Nel giorno in cui a Tunisi si apre e si chiude la conferenza internazionale sulla Siria (“Amici della Siria”, pensa i nemici…) il New York Times pubblica un resoconto delle divisioni interne alle varie anime dell’opposizione siriana.
Abbiamo sempre detto e scritto che dopo quasi mezzo secolo di dittatura e di limitazione dei diritti fondamentali, è difficile immaginarci uno scenario diverso. Né si può chiedere agli oppositori e dissidenti, all’estero e in patria, di unirsi e andare d’accordo con la bacchetta magica.
Eppure, il dramma vissuto dai siriani in molte regioni del Paese dovrebbe imporre ai vari leader delle varie correnti dell’opposizione di trovare presto dei modi diversi da quelli finora individuati per affrontare la questione politica dall’esterno.
A tal proposito, Neil McFarquhar, responsabile del NYT al Cairo e con una lunga esperienza in Medio Oriente, riporta il parere di Rima Fleihan, attivista prima nel Consiglio nazionale siriano (Cns) di Burhan Ghalioun, da poco uscita dalla formazione.
Nearly a year after the uprising began, the opposition remains a fractious collection of political groups, longtime exiles, grass-roots organizers and armed militants, all deeply divided along ideological, ethnic or sectarian lines, and too disjointed to agree on even the rudiments of a strategy to topple President Bashar al-Assad’s government.
The need to build a united opposition will be the focus of intense discussions at what has been billed as the inaugural meeting of the Friends of Syria. Fostering some semblance of a unified protest movement, possibly under the umbrella of an exile alliance called the Syrian National Council, will be a theme hovering in the background.
The council’s internal divisions have kept Western and Arab governments from recognizing it as a kind of government in exile, and the Tunis summit meeting will probably not change that. Russia, Syria’s main international patron, is avoiding the meeting entirely.

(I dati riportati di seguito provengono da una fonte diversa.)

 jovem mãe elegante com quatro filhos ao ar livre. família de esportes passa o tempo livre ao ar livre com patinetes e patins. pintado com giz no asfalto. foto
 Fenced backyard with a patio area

The divisions and shortcomings within the council were fully on display last week when its 10-member executive committee met at the Four Seasons Hotel in Doha, Qatar — its soaring lobby bedecked with roses and other red flowers left over from Valentine’s Day.

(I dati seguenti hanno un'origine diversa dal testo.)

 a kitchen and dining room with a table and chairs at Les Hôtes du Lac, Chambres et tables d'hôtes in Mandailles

The council has been slow on critical issues like recognizing the transformation of the Syrian uprising from a nonviolent movement to an armed insurrection, according to members, diplomats and other analysts.
Aside from representing only about 70 percent of a range of groups opposing Mr. Assad, the council has yet to seriously address melding itself with the increasingly independent internal alliances in Homs and other cities across Syria trapped in an uneven battle for survival, they said, warning that the council runs the risk of being supplanted.
“They were in a constant, ongoing struggle, which delayed anything productive and any real work that should be done for the revolution,” said Rima Fleihan, an activist who crawled through barbed wire fences to Jordan from Syria last September to escape arrest. She was representing Syria’s Local Coordination Committees, an alliance of grass-roots activists, on the council until she quit in frustration this month.
“They fight more than they work,” Ms. Fleihan said. “People are asking why they have failed to achieve any international recognition, why no aid is reaching the people, why are we still being shelled?”
Leggi l’articolo integrale a questo link.
L’articolo del NYT parla si dividioni interne al SNC ma non parla delle altre opposizioni, fra l’altro molto meno legate agli espatriati, ad esempio il CNSCD. Gli americani sono alla ricerca di un “referente unico” e per questo elidono l’esistenza di un altro coordinamento, mi sembra di capire.
E’ vero sul NYT, cambio il titolo. Ma il Cnscd – coordinamento – è già diviso. Mannaa ha creato una sua corrente a parte e rimane Abdel Hazim e pochi altri. Che non sono più legittimi di Ghalioun perché si trovano fisicamente in Siria. E’ tutta una classe politica che è stata incapace di sintonizzarsi con la strada, la stessa che è in rivolta. Chiediamoci perché Abdel Hazim non è stato arrestato negli ultimi mesi. E perché non scende a Mezze o a Midan anche lui. Tutti fratelli musulmani cattivi? A forza di demonizzarli, li si rafforza. Gli americani poi possono voler quel che vogliono ma tanto non si muoveranno di un centimetro.
Certo. Osservavo solo le semplificazioni del NYT.
Visto che accennavi al Cnsdcd ho detto la mia in merito, anche oltre il contenuto dell’articolo del NYT.
Non sono così nette le differenze tra le due formazioni. tra l’altro il CCN è formato da ormai da meno di dieci persone, che hanno un contatto con la strada molto ridotto. Non che il CNS sia migliore, ma non illudiamoci del peso del CCN.